HONG KONG (Nikkei Markets) -- Hong Kong shares on Monday extended losses from last week as investors remained concerned about the possibility of a global trade war after U.S. President Donald Trump indicated that he will impose import tariffs on certain metals.
The Hang Seng Index had slid 1.1% to 30,238.71 by the midday break after losing 2.2% last week. Forty-five of the gauge's 50 constituents were trading lower by noon. China Construction Bank (CCB) and Ping An Insurance Group fell 1.9% and 1.4%, respectively, while London-headquartered bank HSBC Holdings dropped 1%.
Wharf Real Estate Investment added 0.6% ahead of the release of its 2017 results. During the break, the company, a spin-off from Wheelock's Wharf Holdings unit, reported a 73% jump in full-year profit and a 24% increase in revenue. Wharf Holdings, which was excluded from the Hang Seng Index as of Monday, lost 2.1%.

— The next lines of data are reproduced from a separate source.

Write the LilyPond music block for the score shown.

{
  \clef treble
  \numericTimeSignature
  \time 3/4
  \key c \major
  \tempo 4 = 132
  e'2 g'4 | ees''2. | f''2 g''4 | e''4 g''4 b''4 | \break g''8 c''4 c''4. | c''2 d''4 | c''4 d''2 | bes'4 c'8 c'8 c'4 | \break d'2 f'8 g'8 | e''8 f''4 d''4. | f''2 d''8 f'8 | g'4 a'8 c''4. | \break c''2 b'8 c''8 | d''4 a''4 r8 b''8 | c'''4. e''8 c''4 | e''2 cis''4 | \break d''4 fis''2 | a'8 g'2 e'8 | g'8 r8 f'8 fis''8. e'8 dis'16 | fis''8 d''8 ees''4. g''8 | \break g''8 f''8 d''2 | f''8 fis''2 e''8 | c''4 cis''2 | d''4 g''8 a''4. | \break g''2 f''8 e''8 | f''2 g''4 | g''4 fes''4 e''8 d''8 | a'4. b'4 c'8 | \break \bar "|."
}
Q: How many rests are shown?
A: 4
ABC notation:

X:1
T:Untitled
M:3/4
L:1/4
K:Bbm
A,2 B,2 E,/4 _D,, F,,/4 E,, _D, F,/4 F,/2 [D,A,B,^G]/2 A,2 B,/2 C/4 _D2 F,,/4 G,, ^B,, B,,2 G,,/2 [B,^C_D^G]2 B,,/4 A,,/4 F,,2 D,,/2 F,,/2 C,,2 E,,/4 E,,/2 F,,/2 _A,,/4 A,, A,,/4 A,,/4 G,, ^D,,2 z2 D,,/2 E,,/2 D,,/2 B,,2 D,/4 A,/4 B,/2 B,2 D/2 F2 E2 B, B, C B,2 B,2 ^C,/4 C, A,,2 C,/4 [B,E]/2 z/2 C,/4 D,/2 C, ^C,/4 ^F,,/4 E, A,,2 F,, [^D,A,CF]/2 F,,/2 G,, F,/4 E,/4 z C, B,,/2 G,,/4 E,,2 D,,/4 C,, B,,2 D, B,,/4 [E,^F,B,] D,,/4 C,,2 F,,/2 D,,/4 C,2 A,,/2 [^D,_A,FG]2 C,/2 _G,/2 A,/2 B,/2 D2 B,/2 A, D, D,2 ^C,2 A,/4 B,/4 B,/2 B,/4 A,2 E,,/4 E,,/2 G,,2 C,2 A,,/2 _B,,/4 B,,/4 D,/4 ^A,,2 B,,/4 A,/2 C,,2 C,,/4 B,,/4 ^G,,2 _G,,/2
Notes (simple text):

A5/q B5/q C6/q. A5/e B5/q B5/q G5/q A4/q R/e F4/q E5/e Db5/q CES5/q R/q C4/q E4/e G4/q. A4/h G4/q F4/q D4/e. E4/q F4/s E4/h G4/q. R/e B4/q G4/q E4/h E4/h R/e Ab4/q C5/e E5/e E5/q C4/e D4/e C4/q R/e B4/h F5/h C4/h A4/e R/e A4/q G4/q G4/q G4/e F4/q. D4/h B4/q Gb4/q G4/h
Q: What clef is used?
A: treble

Hong Kong's main benchmark lost 1.5% on Friday after Trump on Thursday proposed import tariffs on steel and aluminum, raising concerns of a trade war with China. The news further rattled investor sentiment that was already under pressure amid concerns of a faster-than-expected pace of interest rate increases in the U.S. The Shanghai Composite Index fell 0.6% on Friday. On Monday, it was down 0.2% by noon, while its Shenzhen counterpart was up 0.1%. The onshore-traded yuan added 0.2% against the U.S. dollar to reach 6.3310.
"It is said among the market that the mainland government is trying to stabilize the market. There are rumors that investors were not allowed to sell," said Mark Ng, executive director of China Demeter Financial Investment in Hong Kong. "The rumors on the sales prohibition came out when Trump threatened to add (import tariffs)."
The Hang Seng China Enterprises Index of large mainland companies listed in Hong Kong was down 0.9% by midday after a 1.8% drop on Friday.
Shimao Property Holdings rose 2.2% in Hong Kong after saying contracted sales for February rose 36% to 7.1 billion yuan ($1.12 billion).
Sun Art Retail Group tumbled 4.3%, trimming gains for the year to 24.7%. On Sunday, the hypermarket operator, an affiliate of Alibaba Group Holding, reported an 8.6% increase in 2017 net profit to 2.79 billion yuan. Revenue for the year rose 1.9% to 102.3 billion, even as same-store sales fell 1%.
Property management services provider A-Living Services slid 2% after saying the joint global coordinators for its initial public offering have not exercised an over-allotment option, which lapsed on Sunday.
New Focus Auto Tech Holdings climbed 4.4% after the automobile accessory maker said its unit agreed to acquire car dealership operator Inner Mongolia Chuangying Automobile for 660 million yuan.